Experts identify a combination of policy gaps, weak implementation, flawed assessment systems, inadequate teacher preparation, and socio-economic disparities as contributing factors. The disconnect between curriculum design and classroom reality remains stark.
While policies advocate interactive, skill-based learning, classrooms often lack the infrastructure, materials, and trained teachers needed to implement such approaches.
The problem is further compounded by outdated pedagogical traditions. The grammar-focused model, inherited from colonial education systems, forces young learners to memorise complex rules such as verb tenses at an early age, often without meaningful context.
Ironically, many Bangla speakers communicate fluently in their native language without formal knowledge of its grammatical intricacies. Yet, when it comes to English, learners are burdened with abstract rules instead of being encouraged to use the language naturally.
Teacher quality and professional development
While many countries have shifted toward continuous teacher development models, Bangladesh still relies largely on short-term training programmes that fail to produce lasting change. Moreover, many teachers lack confidence in their own English-speaking and pronunciation skills, which limits their ability to conduct interactive lessons.
Infrastructure gaps deepen the crisis
Most schools lack language labs, audio-visual tools, and digital resources necessary for modern language instruction. Urban institutions may have limited access, but rural schools are significantly disadvantaged, widening the educational divide. Without exposure to varied accents and real-life communication contexts, students struggle to develop practical language skills.
The way forward
Addressing this crisis requires more than isolated projects or curriculum revisions.
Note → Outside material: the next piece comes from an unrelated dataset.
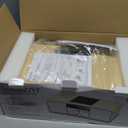 Nostalgic Bluetooth Stereo System for Home, WISCENT Vintage Micro HiFi Systems CD Player,with Bluetooth Audio Streaming,FM Radio,USB Port,Aux-in,Earphone Port (Wood Color)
What is needed is a comprehensive, evidence-based education reform initiative. Education experts have called for the formation of a national education reform commission comprising experienced local and international specialists. Such a body should conduct rigorous research to identify root causes, study successful global models, and propose targeted, actionable reforms.
Proposed strategic shifts
- Adopting Indigenous Research: Incorporating proven local methodologies like FM Method into the national curriculum. By utilising the ‘last word’ of the native language to determine English sentence structures, the system can move away from colonial-era rote memorisation toward a scientific, use-oriented framework that has been refined through forty years of local research.
- Competency-Based Learning: Moving away from grammar-heavy memorisation toward immersive, communicative practices.
- Continuous Teacher Development: Shifting from one-off workshops to sustained professional growth models used in the developed world.
- Infrastructure Investment: Equipping classrooms with audio-visual resources to bridge the gap between rural and urban competencies.
- Holistic Policy Alignment: Ensuring that the ‘ideal goals’ written in curriculum documents are actually reflected in classroom realities and assessment methods.
Professor Mohammed Feroz Mukul often raises a poignant question: “We rarely purchase a piece of clothing without several trials in a fitting room to ensure it suits us, yet we have integrated a massive, national education system without ever truly testing its compatibility with the Bengali mind.
The traditional English teaching system remains fundamentally impractical; it teaches the “know-how” of English—the abstract rules and definitions—but fails to deliver the language as a functional skill.”
Conclusion
The plan to send officials to Thailand is a symptom of a systemic ‘English weakness’ that begins in the first grade.
Until the national curriculum is overhauled to be functional and use-oriented, the state will continue to spend public funds on remedial international training for tasks that should have been second nature to its workforce. Without radical reform, English will remain an elite barrier rather than a tool for global competition.